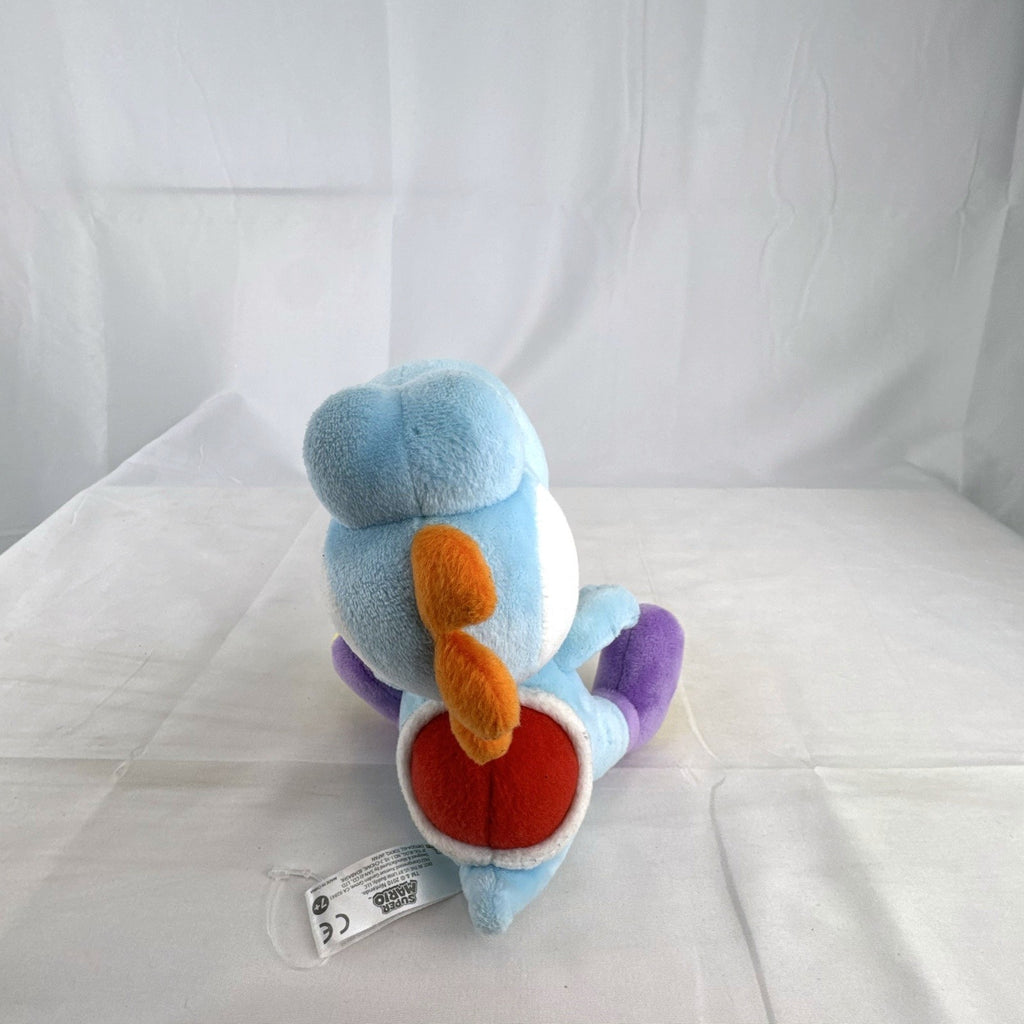 San-ei Nintendo light blue Yoshi plush stuffed animal showing red saddle shell and purple shoes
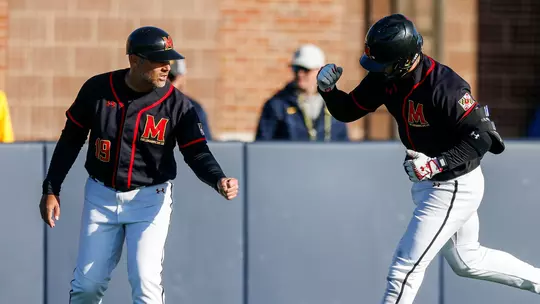 Matt Swope congratulates Chris Hacopian after hitting a home run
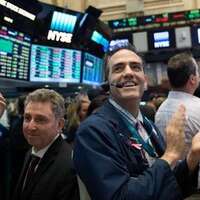 Techs rally on Wall Street, Nasdaq climbs 195 points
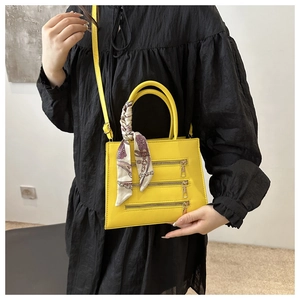 Detail of yellow PU crossbody bag with gold zippers and silk scarf on round handle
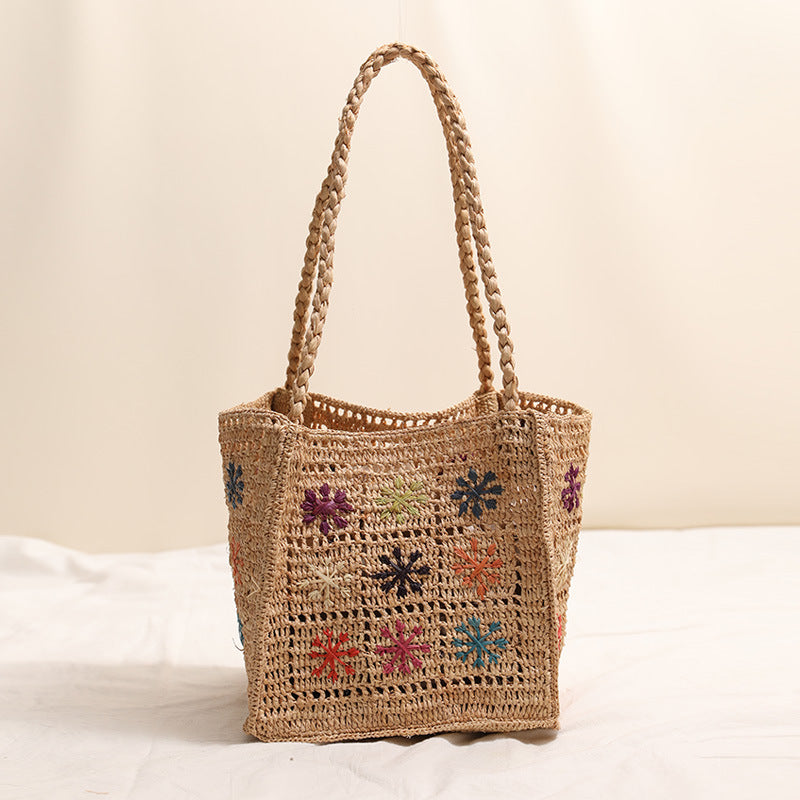 Handcrafted straw bag with colorful embroidery design Stornfield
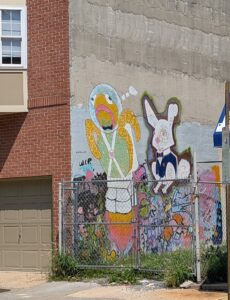 the side of a building behind a fence has a graffiti mural of a rabbit in a suit and a turtle in a jet pack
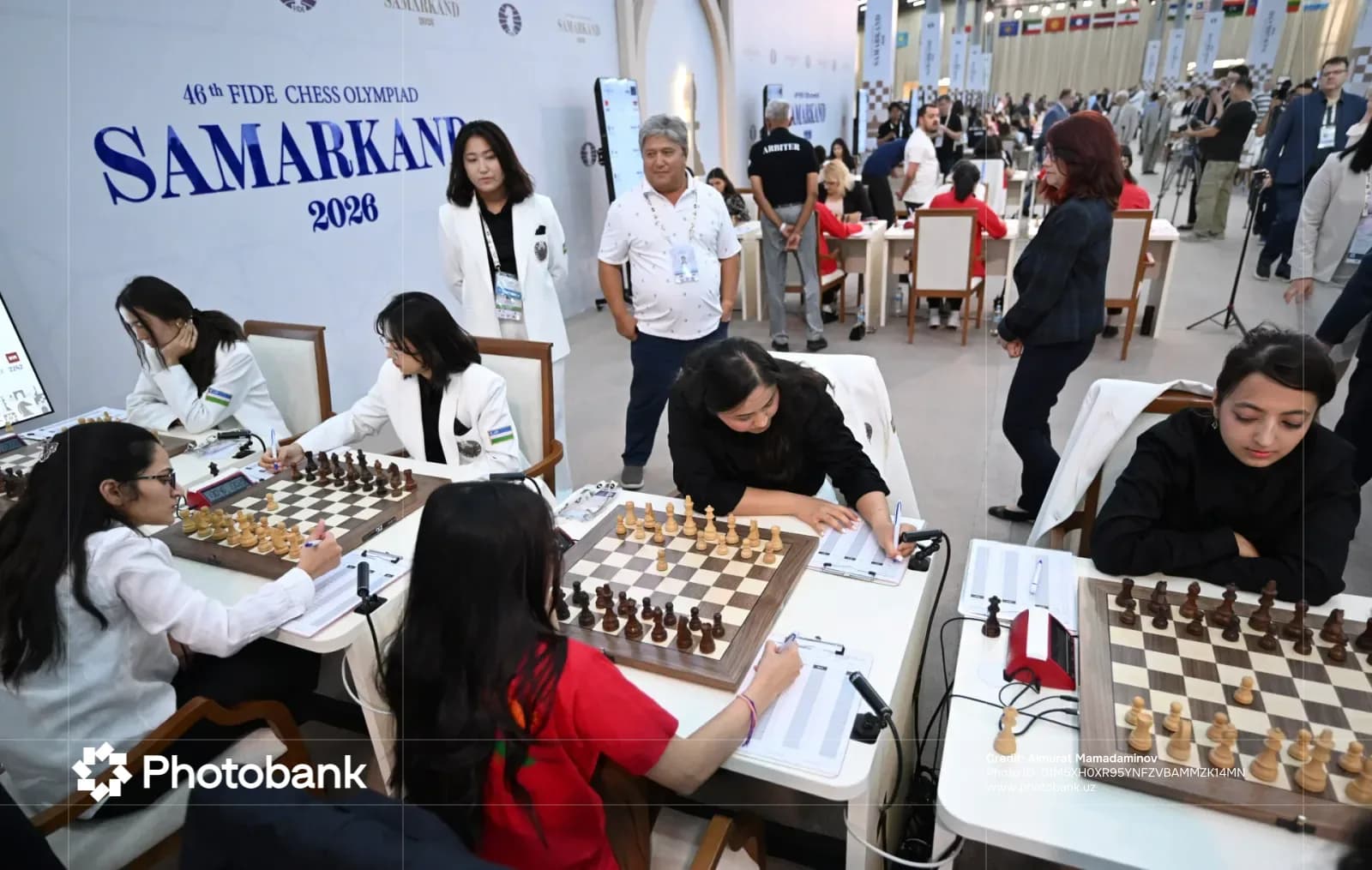 Players compete at chess boards during a competition in a large hall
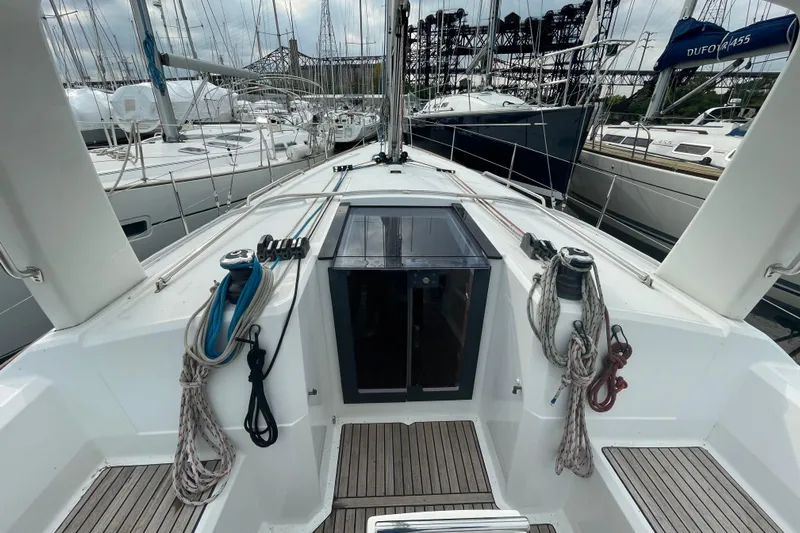 Moonshadow Yacht Photos Pics 2016 Beneteau Oceanis 38 sailboat deck with ropes and winches in marina setting.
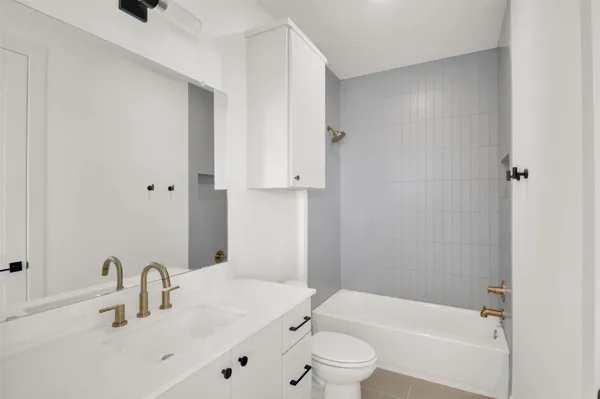 a bathroom with a toilet a sink a mirror and vanity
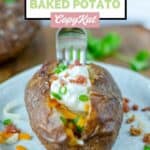 Copycat Outback Steakhouse loaded baked potato with a fork in it.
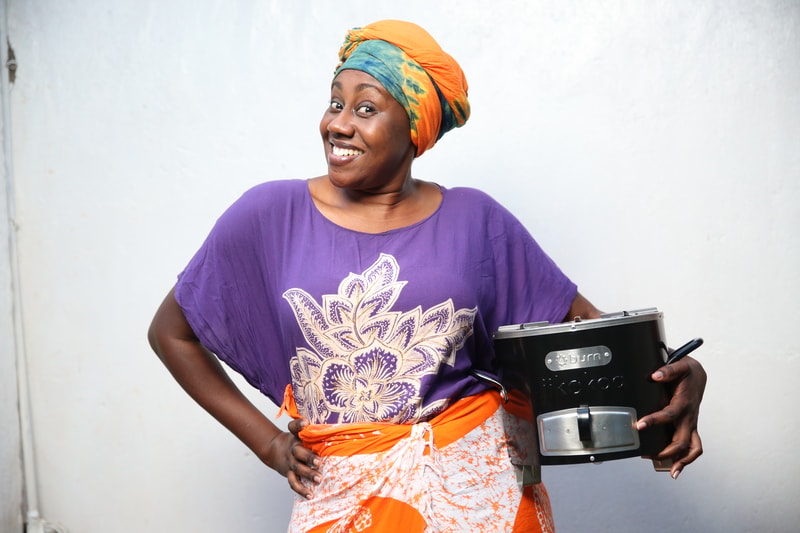 Smiling person wearing a purple top with a large white floral design, an orange and teal head wrap, and an orange patterned wrap, holding a black kitchen appliance.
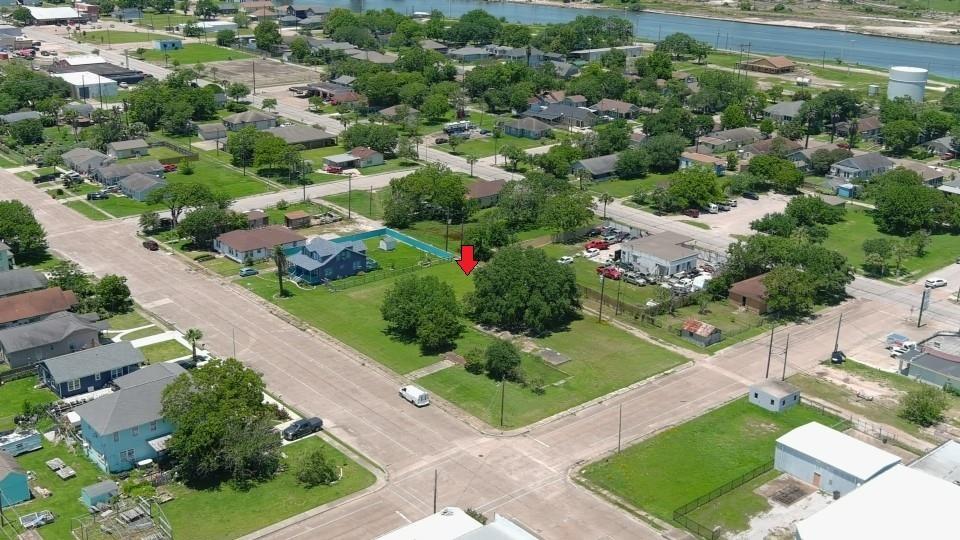 an aerial view of residential houses with outdoor space and street view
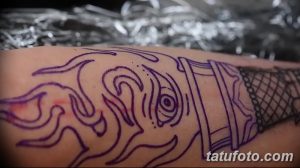 Фото эскиза татуировки на руке с изображением факела и мистических символов. Фиолетовый рисунок татуировки на коже.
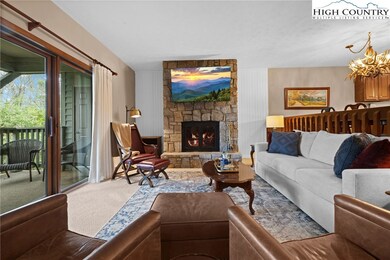 Living room with sliders to the private deck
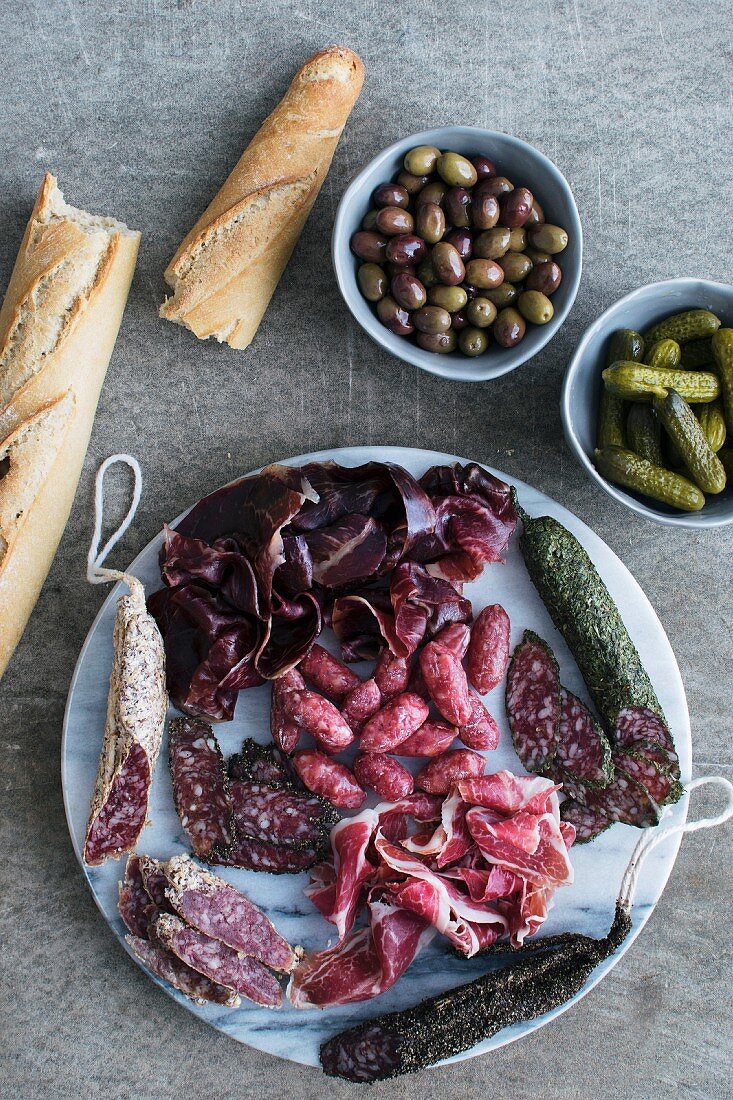 Tapasplatte mit Schinken und Wurst, dazu Brot, Oliven und Cornichons (Spanien)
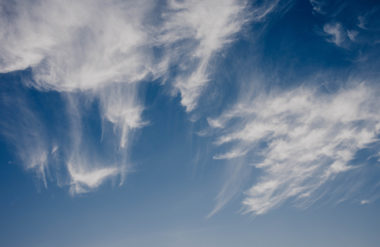 Wispy clouds in a blue sky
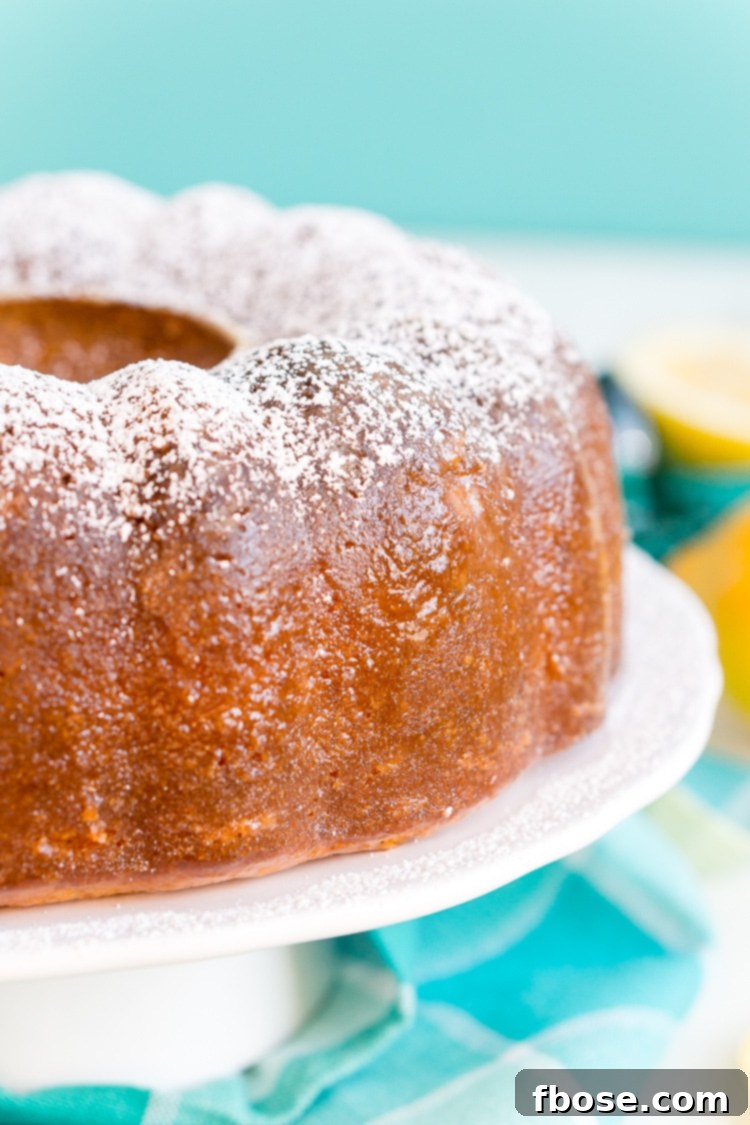 A perfectly baked Lemon Butter Cake, showcasing its dense texture and golden hue, ready for slicing.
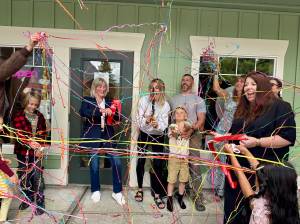Works from the heART owner Ashley James celebrates with friends, family and community members after cutting the ribbon at her opening in downtown North Bend, July 10, 2025. (Grace Gorenflo/Snoqualmie Valley Record)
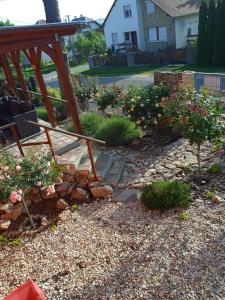 a garden with a bench and flowers in a yard at Rózsa vendégház in Zirc +39 photos
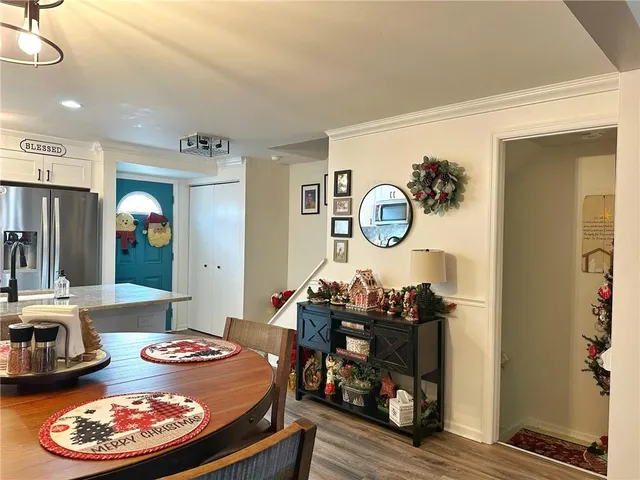 a dining room with furniture and wooden floor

▸ What you have to do:
The expected answer is the full listing above, transcribed exactly and without pictures.

▸ Answer to the problem:
 San-ei Nintendo light blue Yoshi plush stuffed animal showing red saddle shell and purple shoes
 Matt Swope congratulates Chris Hacopian after hitting a home run
 Techs rally on Wall Street, Nasdaq climbs 195 points
 Detail of yellow PU crossbody bag with gold zippers and silk scarf on round handle
 Handcrafted straw bag with colorful embroidery design Stornfield
 the side of a building behind a fence has a graffiti mural of a rabbit in a suit and a turtle in a jet pack
 Players compete at chess boards during a competition in a large hall
 Moonshadow Yacht Photos Pics 2016 Beneteau Oceanis 38 sailboat deck with ropes and winches in marina setting.
 a bathroom with a toilet a sink a mirror and vanity
 Copycat Outback Steakhouse loaded baked potato with a fork in it.
 Smiling person wearing a purple top with a large white floral design, an orange and teal head wrap, and an orange patterned wrap, holding a black kitchen appliance.
 an aerial view of residential houses with outdoor space and street view
 Фото эскиза татуировки на руке с изображением факела и мистических символов. Фиолетовый рисунок татуировки на коже.
 Living room with sliders to the private deck
 Tapasplatte mit Schinken und Wurst, dazu Brot, Oliven und Cornichons (Spanien)
 Wispy clouds in a blue sky
 A perfectly baked Lemon Butter Cake, showcasing its dense texture and golden hue, ready for slicing.
Works from the heART owner Ashley James celebrates with friends, family and community members after cutting the ribbon at her opening in downtown North Bend, July 10, 2025. (Grace Gorenflo/Snoqualmie Valley Record)
 a garden with a bench and flowers in a yard at Rózsa vendégház in Zirc +39 photos
 a dining room with furniture and wooden floor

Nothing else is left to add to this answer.